One effort towards this is the Resource Identification Initiative. However as far as I know versioning has not been completely dealt with.

https://www.force11.org/Resource_identification_initiative

In addition to the above effort there are a couple of other options:

To include the complete provenance, which would include software provenance.
To use a versioned URI/IRI:
Use linked data platform best practices:

http://www.w3.org/TR/ldp-primer/

https://dvcs.w3.org/hg/ldpwg/raw-file/default/ldp-bp/ldp-bp.html

However, any of the above solutions may require some commitment to persistence by some entity.

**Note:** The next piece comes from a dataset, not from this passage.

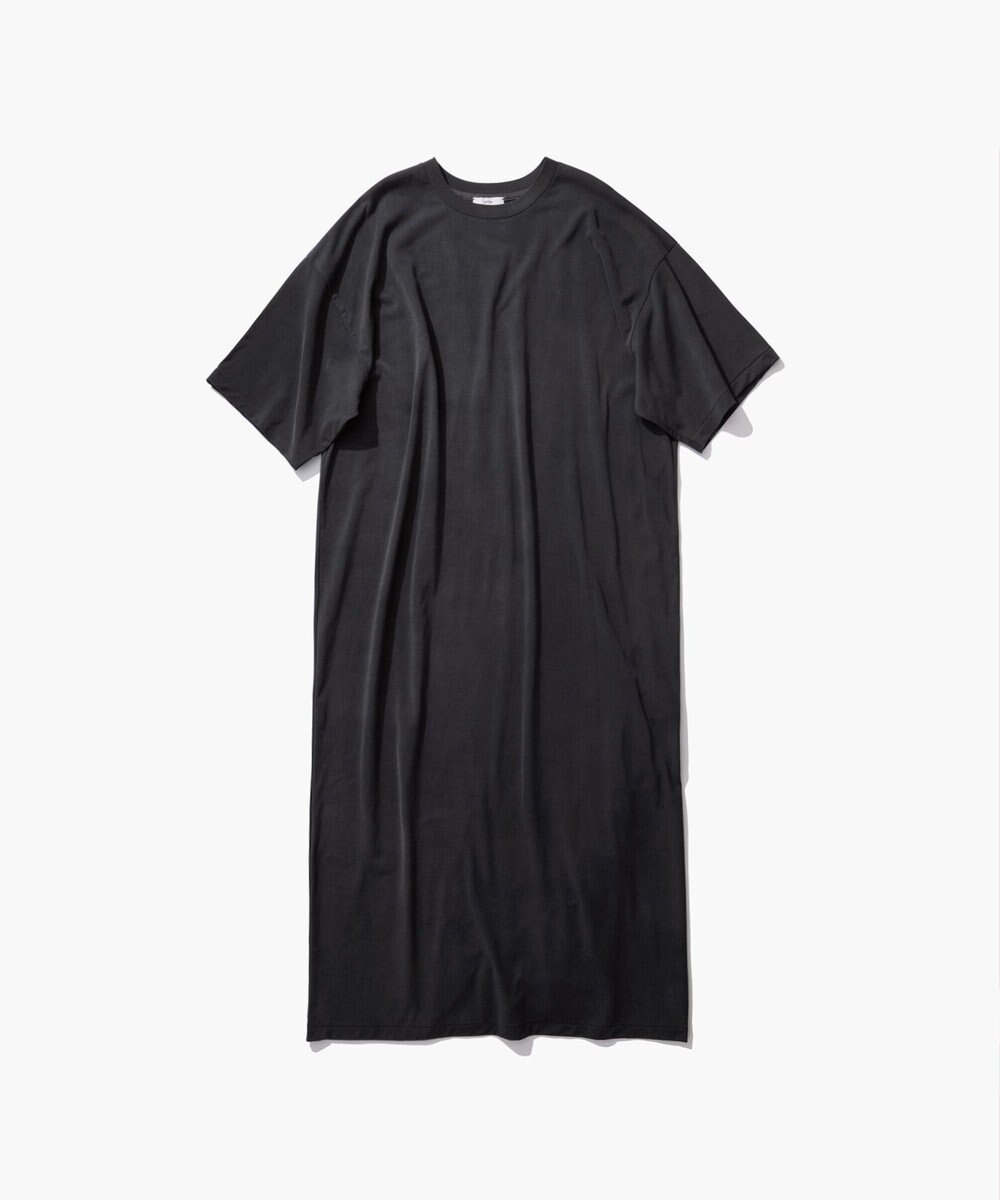 ATON HARD WASHED SUVIN | オーバーサイズＴシャツドレス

ADD COMMENT • link updated 3.1 years ago by Ram 43k • written 9.5 years ago by satrajit.ghosh • 0

0

Entering edit mode

another possibility that currently exists for software at least on repositories like github is the ability to create a doi for a specific release - however most users don't know how to get at a specific version of the code:

https://guides.github.com/activities/citable-code/

ADD REPLY • link updated 3.1 years ago by Ram 43k • written 9.5 years ago by satrajit.ghosh • 0

Ram · Answer 2 · 2014-10-27

Asking people to add full provenance is great if you are an omnipotent force like NIH (which by the way still has a lot of trouble getting people to put their grant numbers into papers in a consistent way), but for the rest of us mortals all we can really dream for is an identifier, if we make it super easy for people to do it and apply pressure at just the right time (during publication).

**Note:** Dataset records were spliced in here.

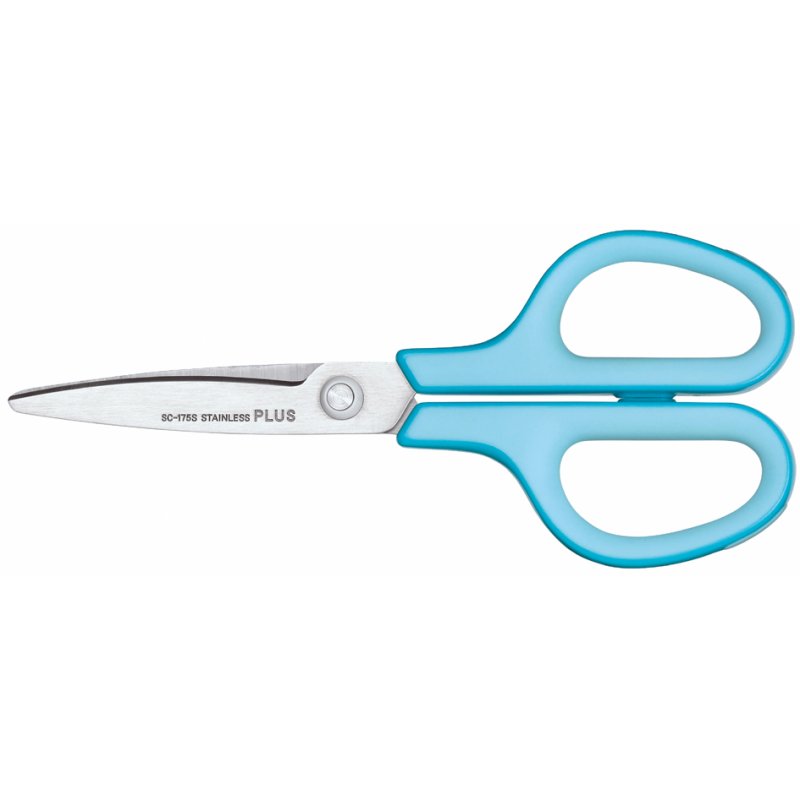 Plus Japan universele schaar Fitcut Curve 175mm blauw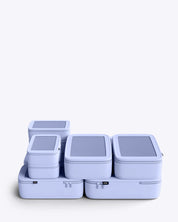 NOBL Travel Compressible 6 Piece Packing Cube Set - Lavender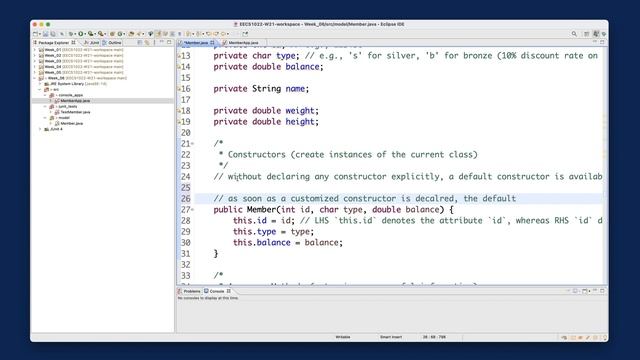 [HD] EECS1022 W21 - Java Tutorials - Week 6 - Part C1 - Tracing Object Creations (on Debugger) смотреть онлайн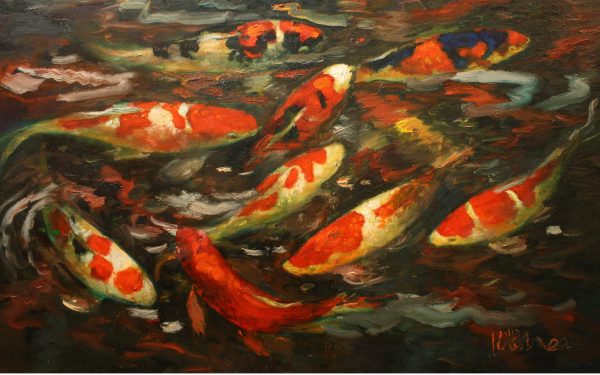 KSY_F001_S_Kois_76x120cm_$9000_Oil on canvas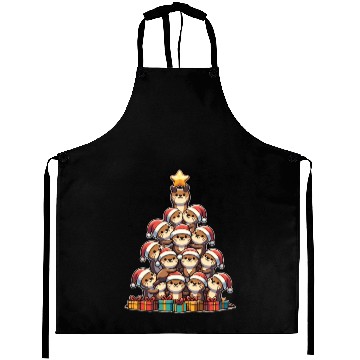 Discover Otter Christmas Tree Merry Christmas Aprons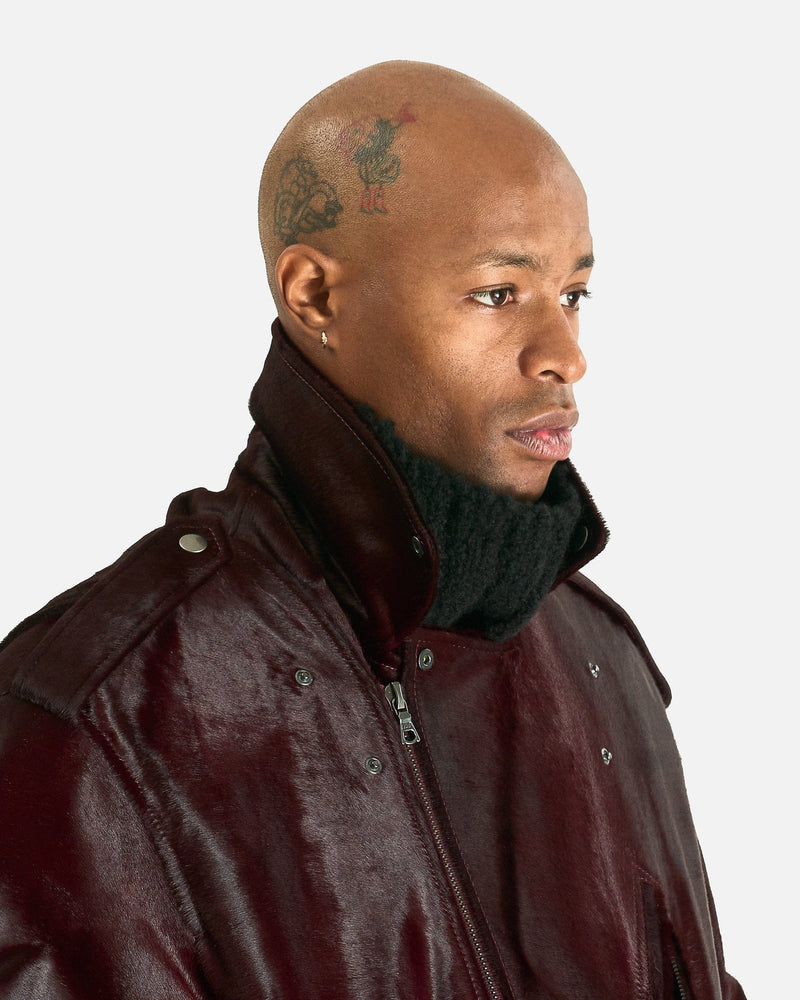 Dries Van Noten Men's Jackets M Lodz Jacket in Burgundy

That is my two cents, for what it's worth, but I am biased in that I have already had 174 people (confirmed) add identifiers to their papers.

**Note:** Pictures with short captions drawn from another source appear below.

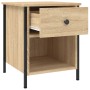 Mesitas noche 2 uds madera ingeniería roble Sonoma 40x42x50 cm de , Mesitas de noche - Ref: Foro24-825936, Precio: 75,93 €, D...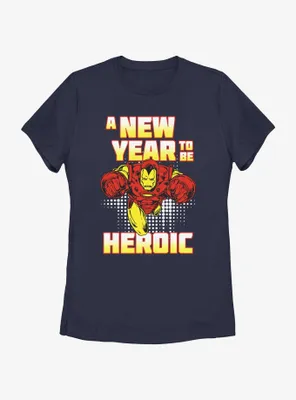 Marvel Iron Man New Year Womens T-Shirt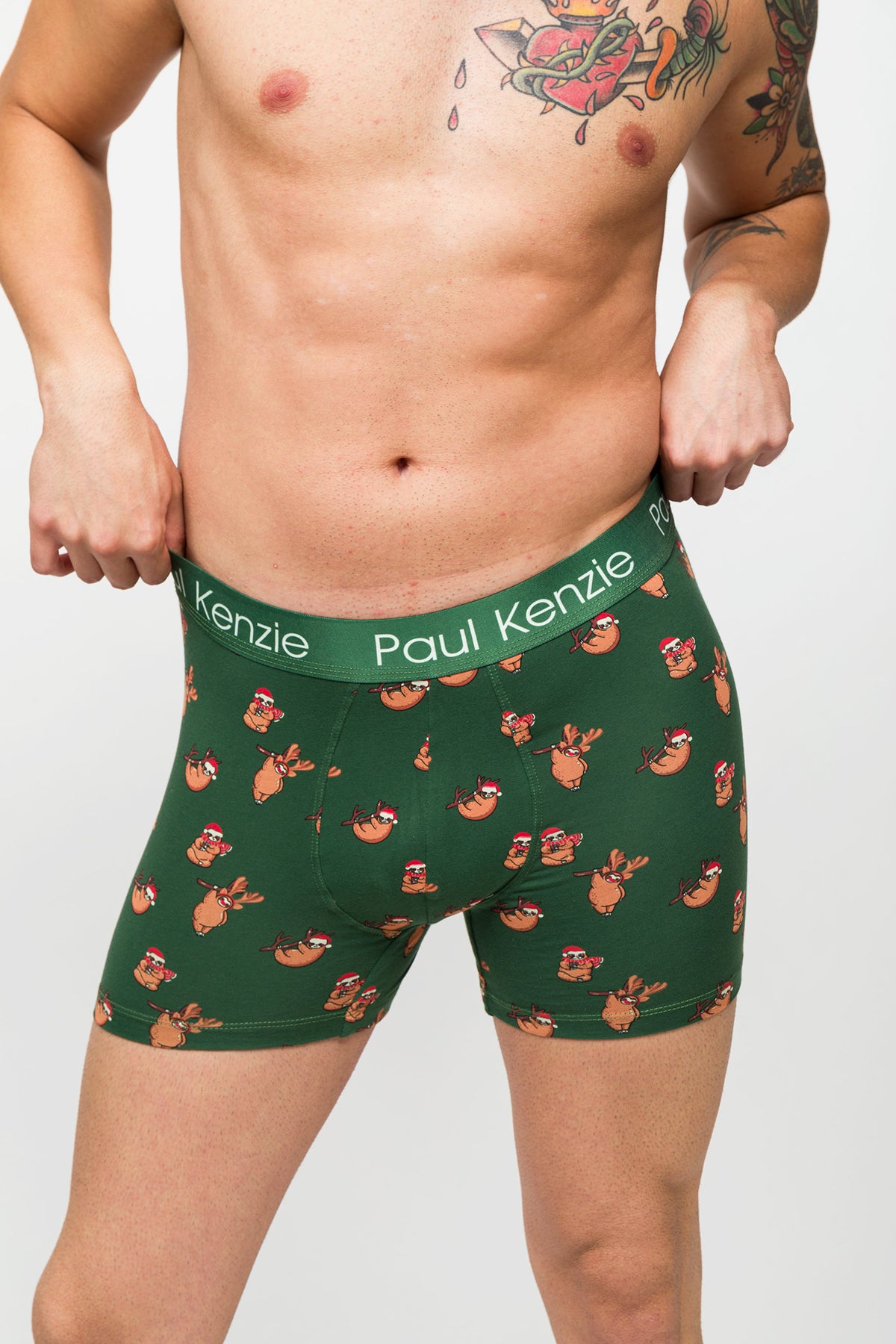 Desenli Erkek Boxer - Christmas Collection - Lazymas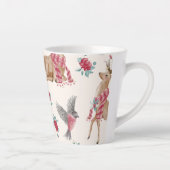 Rentiere, Vögel, Blume Milchtasse (Rechts)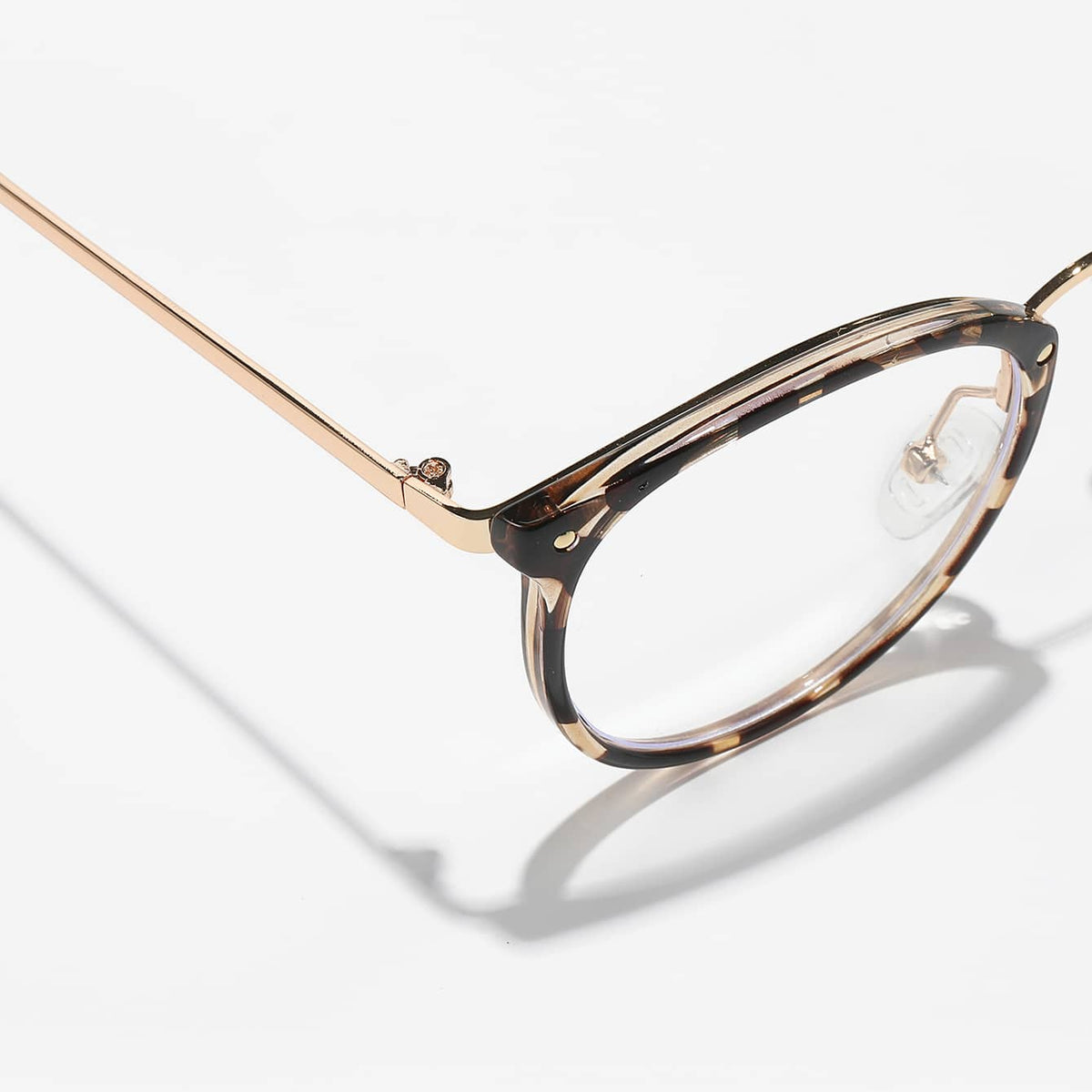 Anti-Blaulicht-Brille rundem Rahmen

http://scholar.google.com/scholar?scisbd=2&q=RRID&hl=en&as_sdt=1,5&as_vis=1

By the way, my other two cents:

ANTS is a really crappy name for a project for obvious search for ants and see what you get back reasons. ImageJ does not appear randomly in papers, a good thing. Python, remarkably enough, follows a bimodal distribution of journal titles. ;-)
ANTS isRRID:nlx_75959 try your new lovely identifier in google scholar - I get back two papers that used ANTS (methods section attribution)
We have created a pipeline with some fun tools that help to answer this question and have processed the OA literature (so far). ANTZ does come back in a few papers (this is from URL mentions in the methods only, we have a tool that will give you the option of curating mentions from names in the next 1-2 months; we ran a set of learning algorithms on this against the info we get back from publisher apis for modeldb and were able to go from a precision of 40% to 98% so once this is public....I would love for you to test it):
Available now (see column called mentioned in literature): https://www.neuinfo.org/mynif/search.php?t=indexable&nif=nlx_144509-1&q=%22ANTS+-+Advanced+Normalization+ToolS%22&filter=
Adding all alternate urls, synonyms, abreviations and other info to the catalog representation will allow our crawlers to find mentions of your tool more effectively. We do some things that are smart, but algorithmic approaches are never going to be as good as someone interested in the answer.

Ram · Answer 3 · 2014-10-28

For RRIDs, I personally would like to use a simple versioning strategy not unlike a genbank identifier, where you can append the version following the numeric ID. In such a way, you can query across all versions with the root number, but still reference the specific version for reproducibility purposes.

RRIDs could still be resolved with a URI or a DOI, and could be the subject of a set of triples that can aid discovery and attribution. See the NIH Software Discovery Index report for requirements analysis - we are looking for comments there:

http://softwarediscoveryindex.org/report/

For example, data types operated upon, etc.